Du sempiternel Temple Run à l’horripilant Flappy Bird, les « endless runner » pullulent sur l’App Store. Pour le pire, comme pour le meilleur. À chaque fois, une même nécessité pour le joueur : perpétuer la course effrénée sans fin d’un personnage en se gardant des obstacles, le tout pour décrocher le meilleur score ever. Aussi surannée soit la formule, elle continue envers et contre tout de faire mouche. Preuve en est Alto’s Adventure, nouvelle itération en date, cette fois sur fond de snowboard. Sans surprise, pas de révolution ici mais la volonté claire de donner vie à un espace à la fois enchanteur, dense et immersif – chose assez inhabituelle dans cette catégorie minimaliste sinon redondante du jeu de plates-formes.
Dans la peau d’une bergère visiblement adepte de sport-extrême, le joueur dévale les pentes enneigées d’une montagne que l’on dirait située en pleine cordillère occidentale. Objectif : rattraper un groupe de lamas ayant profité de votre sommeil pour fuir. Au cours de la descente, moult manières de grappiller des points : effectuer des tricks à la SSX, perturber la quiétude d’un ancien (puis lui échapper), collecter des pièces ou encore effrayer quelques oiseaux assoupis. Avec à la clé des combos multiplicateurs en tous genres. Bien sûr, parvenir à ses fins revient aussi à éviter crevasses, buches et rochers, remplir quelques objectifs, et surtout bien doser ses atterrissages. Un cocktail détonant parfaitement équilibré qui, à la différence de nombreux ersatz, n’éveille la frustration qu’à de rares exceptions.
C’est que l’univers d’Alto’s Adventure est plus subtil, et plus prenant qu’il n’y paraît. À l’instar d’un Tiny Wings, référence du genre, le jeu intègre un cycle jour-nuit du plus bel effet doublé d’une météo évolutive. Ce qui suppose d’une part de composer avec les aléas du climat et de gagner en vigilance – par exemple lorsque les rayons de la lune, trompeurs, se substituent à ceux du soleil. Mais apporte aussi une tonalité intéressante sur le plan chromatique. Ainsi, les variations de lumière, la nuit, donnent lieu à de jolis jeux d’ombres chinoises. Tandis que les tons automnaux, de jour, ne sont pas sans rappeler certaines séquences de Journey. Nul doute, à ce titre, que la direction artistique anguleuse et pastel du titre de thatgamecompany, ou celle de Tearaway, ont servi d’inspiration. Un choix peu original, mais dont le mérite est de faire sortir le genre sot du « endless runner » de ses gonds. En découlent des décors saisissants à la sauce flat-material design agrémentés de superbes effets de profondeur.

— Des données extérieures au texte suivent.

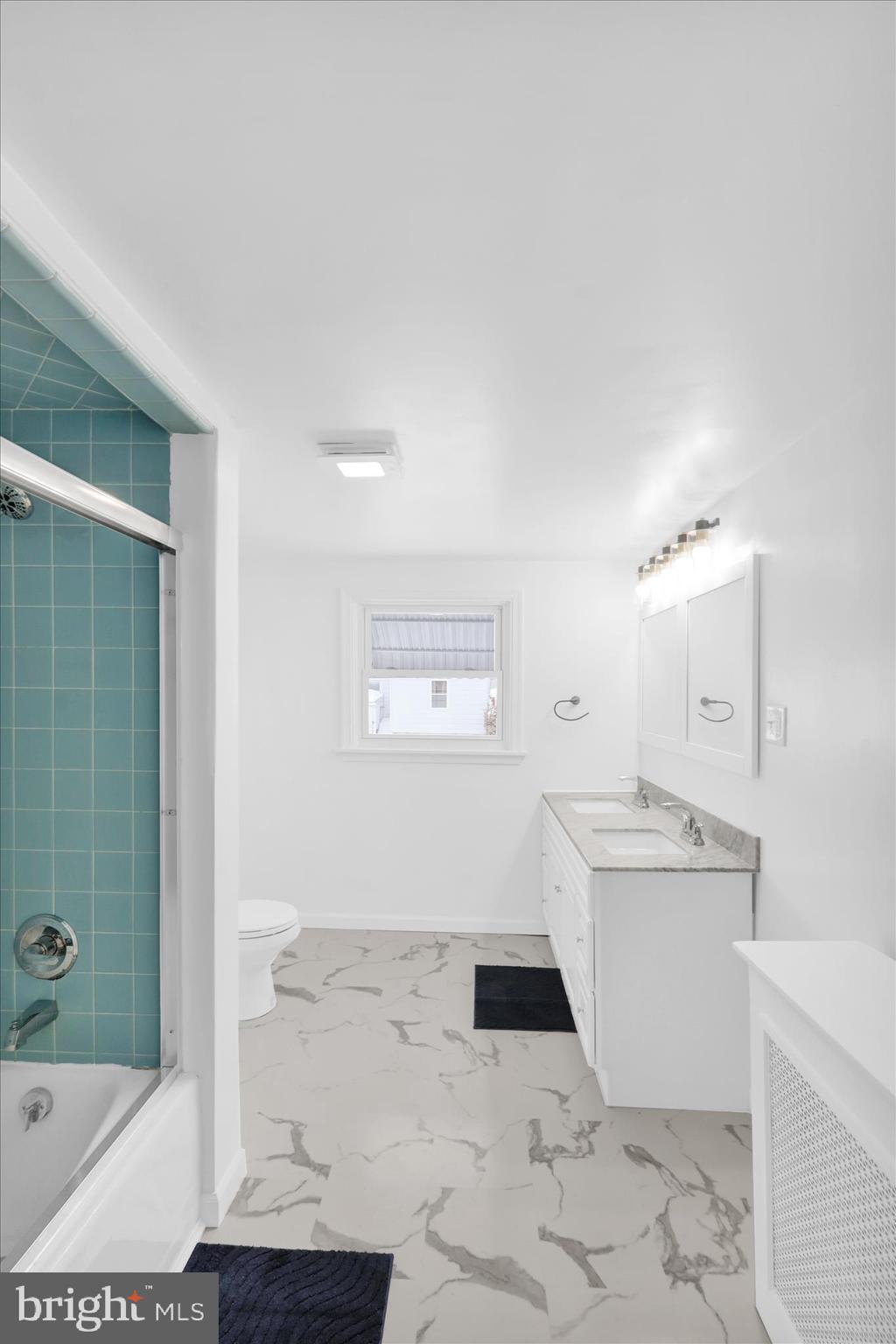 42 Chestnut Street Mohnton, PA 19540 - Photo 28 of 30 a bathroom with a bathtub sink mirror and toilet
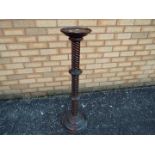 A mahogany torchere or jardiniere stand with helical turned column, approximately 96 cm (h).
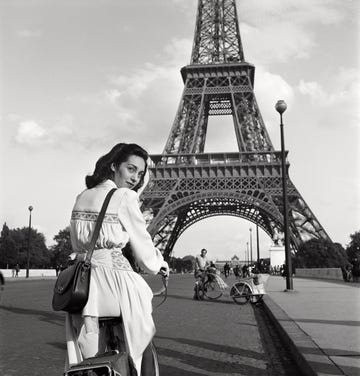 parisian woman in front of the eiffel tower 1945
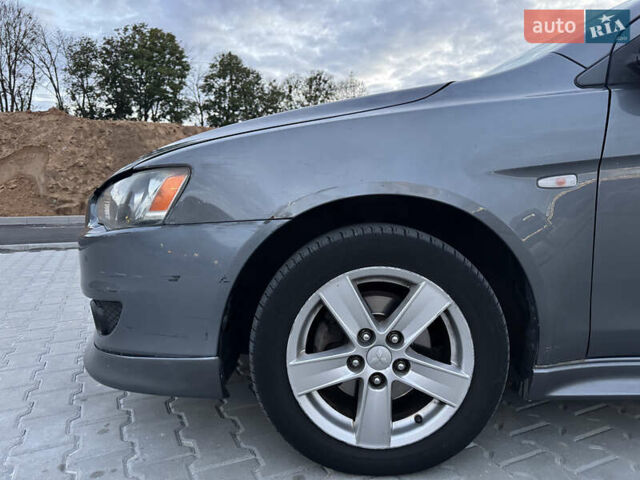 Серый Мицубиси Лансер, объемом двигателя 1.8 л и пробегом 248 тыс. км за 6400 $, фото 5 на Automoto.ua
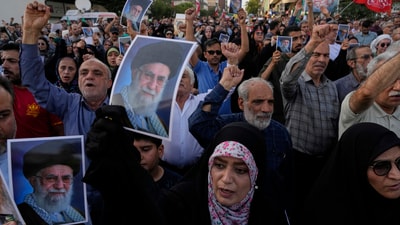 Protesters chant slogans as they hold up posters of the Iranian Supreme Leader Ayatollah Ali Khamenei in a protest following the US attacks. (AP) Protesters chant slogans as they hold up posters of the Iranian Supreme Leader Ayatollah Ali Khamenei in a protest following the US attacks. (AP)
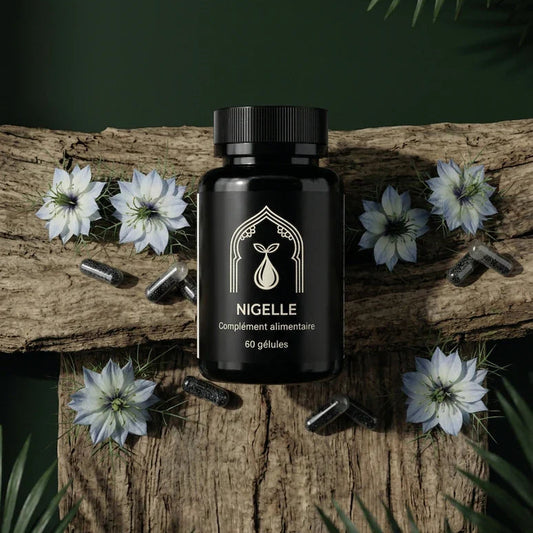 Flacon noir Nigelle 60 gélules sur bois, capsules sombres dispersées et fleurs blanches.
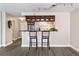 Kitchen bar area with wood cabinets, pendant lighting, and seating for two at 620 Peachtree Ne St # 911, Atlanta, GA 30308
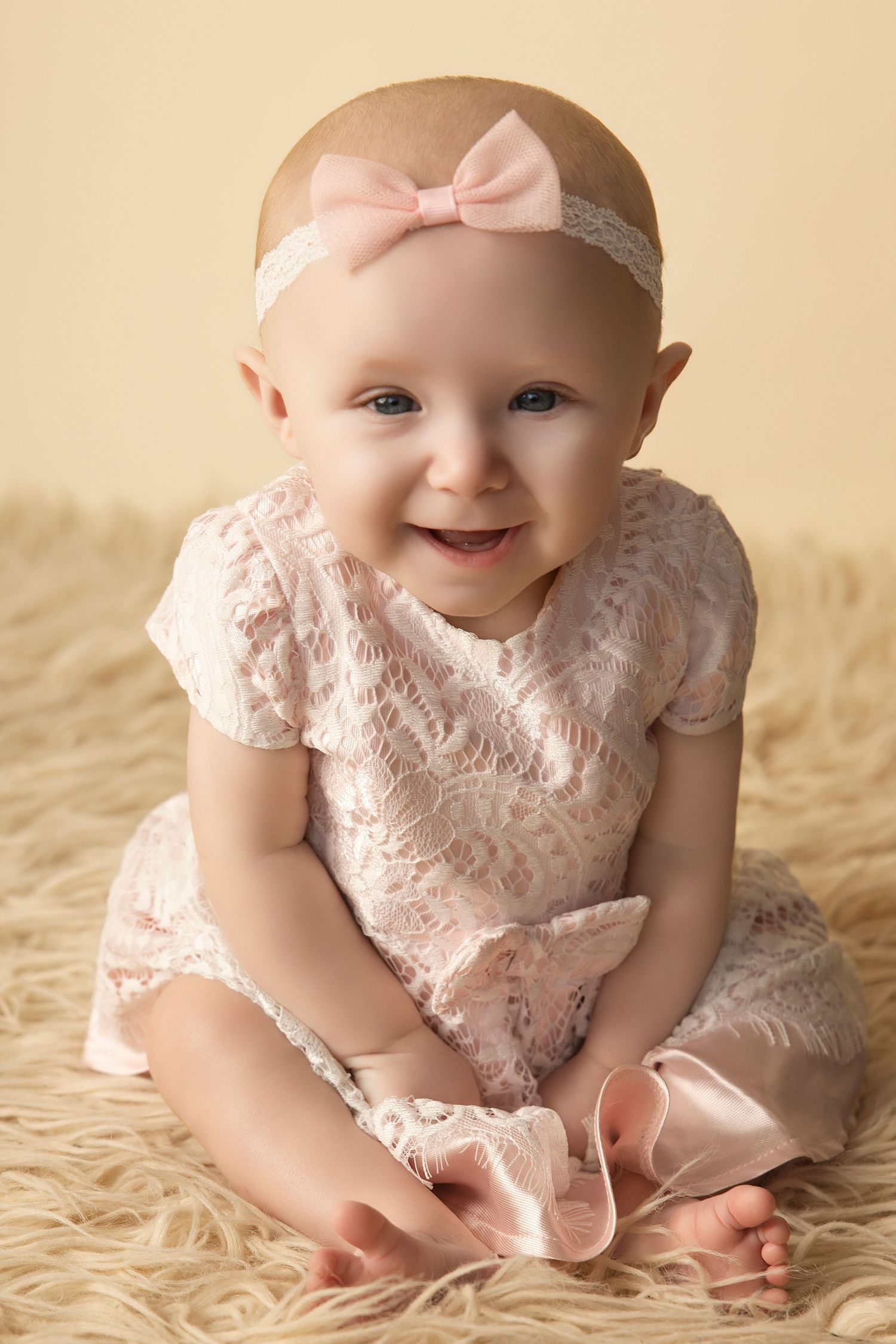 Smiling baby girl in pink lace dress and bow headband sitting on fluffy beige rug for portrait photo.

On pourra reprocher à Alto’s Adventure son côté répétitif, et ce malgré une génération aléatoire d’aires de jeux. Mais il s’agit là d’une fragilité inhérente aux limitations du genre même – pour le reste vite oubliée lorsqu’il est exclusivement question de scoring. Outre ce léger sentiment de lassitude, n’en demeure pas moins un exercice de style poétique des plus réussis.